TASK BRIEF
All that is needed is each line of the entries holding the word "Resim", copied as it stands.

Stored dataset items
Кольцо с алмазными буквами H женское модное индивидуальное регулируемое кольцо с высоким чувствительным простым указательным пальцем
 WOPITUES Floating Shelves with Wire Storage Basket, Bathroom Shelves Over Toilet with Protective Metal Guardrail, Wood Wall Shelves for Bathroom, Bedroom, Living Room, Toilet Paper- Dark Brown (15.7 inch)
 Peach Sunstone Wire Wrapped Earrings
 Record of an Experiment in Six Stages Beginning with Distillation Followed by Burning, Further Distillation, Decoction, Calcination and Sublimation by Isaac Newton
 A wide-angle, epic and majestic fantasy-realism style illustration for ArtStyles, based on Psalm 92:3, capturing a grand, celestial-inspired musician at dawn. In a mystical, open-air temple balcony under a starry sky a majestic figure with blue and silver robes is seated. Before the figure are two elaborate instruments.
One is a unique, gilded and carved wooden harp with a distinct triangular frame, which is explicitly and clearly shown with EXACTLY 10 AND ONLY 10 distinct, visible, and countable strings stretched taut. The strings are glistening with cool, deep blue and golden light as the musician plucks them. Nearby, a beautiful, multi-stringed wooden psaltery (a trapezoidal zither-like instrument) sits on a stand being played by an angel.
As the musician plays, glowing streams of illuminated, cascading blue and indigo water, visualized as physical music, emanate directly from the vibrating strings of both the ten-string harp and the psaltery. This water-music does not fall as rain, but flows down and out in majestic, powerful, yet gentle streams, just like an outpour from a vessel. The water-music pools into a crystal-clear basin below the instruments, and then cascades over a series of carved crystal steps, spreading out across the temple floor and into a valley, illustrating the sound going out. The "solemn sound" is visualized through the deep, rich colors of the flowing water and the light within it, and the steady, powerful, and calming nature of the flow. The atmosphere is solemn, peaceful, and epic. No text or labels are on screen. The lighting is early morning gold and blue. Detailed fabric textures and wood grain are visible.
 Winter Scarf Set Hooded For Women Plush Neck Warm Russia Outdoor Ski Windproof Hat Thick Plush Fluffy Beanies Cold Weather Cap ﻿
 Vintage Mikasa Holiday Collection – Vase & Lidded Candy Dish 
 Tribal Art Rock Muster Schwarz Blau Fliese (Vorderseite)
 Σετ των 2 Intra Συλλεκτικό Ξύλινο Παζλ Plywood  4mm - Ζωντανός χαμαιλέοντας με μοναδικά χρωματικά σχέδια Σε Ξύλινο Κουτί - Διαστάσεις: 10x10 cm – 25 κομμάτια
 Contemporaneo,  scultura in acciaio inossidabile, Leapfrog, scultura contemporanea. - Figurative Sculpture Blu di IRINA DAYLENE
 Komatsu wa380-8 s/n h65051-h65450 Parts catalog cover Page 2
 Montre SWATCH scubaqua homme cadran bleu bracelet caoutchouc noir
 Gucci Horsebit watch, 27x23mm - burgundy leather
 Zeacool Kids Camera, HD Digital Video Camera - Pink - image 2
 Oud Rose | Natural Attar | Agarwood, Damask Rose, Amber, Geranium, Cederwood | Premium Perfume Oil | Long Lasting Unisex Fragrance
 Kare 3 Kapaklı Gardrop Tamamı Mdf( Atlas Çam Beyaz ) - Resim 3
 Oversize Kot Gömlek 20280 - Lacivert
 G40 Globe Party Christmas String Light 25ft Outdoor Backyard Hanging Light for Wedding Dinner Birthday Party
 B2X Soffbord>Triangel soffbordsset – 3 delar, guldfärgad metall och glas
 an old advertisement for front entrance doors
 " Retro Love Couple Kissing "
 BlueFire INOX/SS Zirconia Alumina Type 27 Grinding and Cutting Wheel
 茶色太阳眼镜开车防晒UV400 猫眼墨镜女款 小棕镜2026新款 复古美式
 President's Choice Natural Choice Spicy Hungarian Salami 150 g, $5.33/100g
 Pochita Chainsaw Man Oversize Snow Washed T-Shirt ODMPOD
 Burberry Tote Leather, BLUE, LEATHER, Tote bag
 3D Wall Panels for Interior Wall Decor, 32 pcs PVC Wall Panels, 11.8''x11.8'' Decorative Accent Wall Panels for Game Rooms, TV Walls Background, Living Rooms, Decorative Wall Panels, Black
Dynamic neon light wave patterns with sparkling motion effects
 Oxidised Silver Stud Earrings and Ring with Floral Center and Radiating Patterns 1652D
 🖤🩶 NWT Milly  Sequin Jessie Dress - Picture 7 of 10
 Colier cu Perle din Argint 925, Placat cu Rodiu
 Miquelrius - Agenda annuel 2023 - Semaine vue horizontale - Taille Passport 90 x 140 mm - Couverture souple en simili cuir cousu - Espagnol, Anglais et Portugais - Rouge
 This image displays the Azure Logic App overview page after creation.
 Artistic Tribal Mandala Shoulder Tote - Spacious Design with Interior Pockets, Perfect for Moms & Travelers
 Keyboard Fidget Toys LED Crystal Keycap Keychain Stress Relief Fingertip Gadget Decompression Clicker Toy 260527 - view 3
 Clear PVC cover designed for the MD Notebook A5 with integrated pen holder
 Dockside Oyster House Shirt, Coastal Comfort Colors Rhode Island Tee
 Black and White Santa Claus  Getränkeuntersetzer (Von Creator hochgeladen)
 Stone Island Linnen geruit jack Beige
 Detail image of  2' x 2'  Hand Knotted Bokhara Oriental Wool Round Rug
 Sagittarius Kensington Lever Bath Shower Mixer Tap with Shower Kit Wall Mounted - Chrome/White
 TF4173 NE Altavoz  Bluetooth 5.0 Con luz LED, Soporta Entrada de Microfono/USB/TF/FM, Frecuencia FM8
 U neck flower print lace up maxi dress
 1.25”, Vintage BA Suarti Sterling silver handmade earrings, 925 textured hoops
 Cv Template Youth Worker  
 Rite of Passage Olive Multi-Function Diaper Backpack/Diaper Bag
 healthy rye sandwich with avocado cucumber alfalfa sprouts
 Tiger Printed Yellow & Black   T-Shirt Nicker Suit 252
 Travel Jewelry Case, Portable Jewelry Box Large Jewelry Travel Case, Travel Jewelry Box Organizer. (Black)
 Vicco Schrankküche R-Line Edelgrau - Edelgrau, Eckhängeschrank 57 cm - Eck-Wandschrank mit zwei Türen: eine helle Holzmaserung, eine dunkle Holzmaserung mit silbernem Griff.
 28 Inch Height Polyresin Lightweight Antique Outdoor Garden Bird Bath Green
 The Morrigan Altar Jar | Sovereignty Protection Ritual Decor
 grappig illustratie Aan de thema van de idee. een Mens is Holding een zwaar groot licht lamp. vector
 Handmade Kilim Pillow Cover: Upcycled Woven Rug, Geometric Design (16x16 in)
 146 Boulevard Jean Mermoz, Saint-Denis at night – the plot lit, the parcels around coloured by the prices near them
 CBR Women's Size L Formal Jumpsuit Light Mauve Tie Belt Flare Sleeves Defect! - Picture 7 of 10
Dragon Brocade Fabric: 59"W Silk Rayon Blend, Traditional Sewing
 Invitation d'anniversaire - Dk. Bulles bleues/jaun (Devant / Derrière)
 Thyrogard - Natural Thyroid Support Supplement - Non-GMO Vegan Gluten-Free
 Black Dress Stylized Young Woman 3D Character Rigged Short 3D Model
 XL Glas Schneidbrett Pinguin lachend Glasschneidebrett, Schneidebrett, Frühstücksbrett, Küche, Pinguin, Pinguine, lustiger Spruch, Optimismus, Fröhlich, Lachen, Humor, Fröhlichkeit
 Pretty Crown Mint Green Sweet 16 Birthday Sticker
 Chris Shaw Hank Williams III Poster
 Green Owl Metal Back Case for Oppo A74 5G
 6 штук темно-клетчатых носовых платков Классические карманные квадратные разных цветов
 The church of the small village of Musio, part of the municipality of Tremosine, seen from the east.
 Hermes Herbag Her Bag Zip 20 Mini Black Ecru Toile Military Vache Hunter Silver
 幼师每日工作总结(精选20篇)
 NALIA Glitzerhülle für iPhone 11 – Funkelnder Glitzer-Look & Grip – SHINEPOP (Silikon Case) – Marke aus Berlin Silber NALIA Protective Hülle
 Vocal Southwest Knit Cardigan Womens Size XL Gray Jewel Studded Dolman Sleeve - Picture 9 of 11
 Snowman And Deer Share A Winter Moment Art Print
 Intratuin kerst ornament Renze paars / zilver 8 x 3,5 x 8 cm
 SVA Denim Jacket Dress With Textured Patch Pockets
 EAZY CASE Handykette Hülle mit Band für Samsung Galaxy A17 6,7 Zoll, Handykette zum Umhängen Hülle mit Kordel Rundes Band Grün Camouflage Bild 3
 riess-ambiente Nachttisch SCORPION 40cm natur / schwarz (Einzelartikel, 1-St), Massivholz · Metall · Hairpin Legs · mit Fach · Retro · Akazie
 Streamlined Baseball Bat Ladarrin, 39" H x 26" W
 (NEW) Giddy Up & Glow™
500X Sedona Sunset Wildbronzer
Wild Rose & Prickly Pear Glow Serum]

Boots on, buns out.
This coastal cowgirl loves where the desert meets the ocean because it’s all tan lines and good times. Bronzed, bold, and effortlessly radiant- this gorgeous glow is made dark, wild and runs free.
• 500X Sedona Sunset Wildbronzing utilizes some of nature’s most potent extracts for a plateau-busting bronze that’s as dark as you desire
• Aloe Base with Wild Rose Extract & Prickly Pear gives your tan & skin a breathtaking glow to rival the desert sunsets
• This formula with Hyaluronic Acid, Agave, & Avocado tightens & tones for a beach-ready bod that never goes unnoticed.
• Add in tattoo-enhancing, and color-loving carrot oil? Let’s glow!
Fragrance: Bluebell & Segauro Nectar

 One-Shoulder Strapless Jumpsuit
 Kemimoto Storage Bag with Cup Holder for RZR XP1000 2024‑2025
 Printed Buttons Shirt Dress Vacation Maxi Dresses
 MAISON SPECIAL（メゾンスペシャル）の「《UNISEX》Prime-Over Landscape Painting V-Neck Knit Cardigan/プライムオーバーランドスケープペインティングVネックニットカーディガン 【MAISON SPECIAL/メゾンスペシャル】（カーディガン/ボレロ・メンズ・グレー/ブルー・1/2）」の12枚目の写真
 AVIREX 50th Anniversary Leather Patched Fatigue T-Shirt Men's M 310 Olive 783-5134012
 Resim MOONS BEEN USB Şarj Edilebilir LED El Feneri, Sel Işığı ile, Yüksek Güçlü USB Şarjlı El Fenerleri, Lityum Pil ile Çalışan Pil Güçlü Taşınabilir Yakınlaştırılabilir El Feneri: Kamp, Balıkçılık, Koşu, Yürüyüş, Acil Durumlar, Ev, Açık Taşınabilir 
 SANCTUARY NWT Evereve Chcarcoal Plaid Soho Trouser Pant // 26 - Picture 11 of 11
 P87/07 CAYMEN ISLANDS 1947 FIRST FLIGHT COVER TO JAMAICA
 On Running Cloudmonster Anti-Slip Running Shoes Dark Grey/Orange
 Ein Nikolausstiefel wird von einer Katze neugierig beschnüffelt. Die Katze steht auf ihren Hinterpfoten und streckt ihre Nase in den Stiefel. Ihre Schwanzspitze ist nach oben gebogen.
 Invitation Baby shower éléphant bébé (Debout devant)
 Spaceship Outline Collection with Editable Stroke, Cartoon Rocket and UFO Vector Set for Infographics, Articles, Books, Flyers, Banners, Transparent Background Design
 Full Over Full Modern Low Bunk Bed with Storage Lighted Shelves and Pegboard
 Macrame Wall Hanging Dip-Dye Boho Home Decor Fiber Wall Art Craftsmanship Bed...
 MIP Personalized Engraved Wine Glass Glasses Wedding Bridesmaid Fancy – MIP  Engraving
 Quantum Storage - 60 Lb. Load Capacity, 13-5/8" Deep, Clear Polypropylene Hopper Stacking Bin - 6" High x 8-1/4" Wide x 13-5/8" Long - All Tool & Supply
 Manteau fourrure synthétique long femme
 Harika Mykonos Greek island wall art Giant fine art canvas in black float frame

SOLUTION BELOW
 Kare 3 Kapaklı Gardrop Tamamı Mdf( Atlas Çam Beyaz ) - Resim 3
 Resim MOONS BEEN USB Şarj Edilebilir LED El Feneri, Sel Işığı ile, Yüksek Güçlü USB Şarjlı El Fenerleri, Lityum Pil ile Çalışan Pil Güçlü Taşınabilir Yakınlaştırılabilir El Feneri: Kamp, Balıkçılık, Koşu, Yürüyüş, Acil Durumlar, Ev, Açık Taşınabilir 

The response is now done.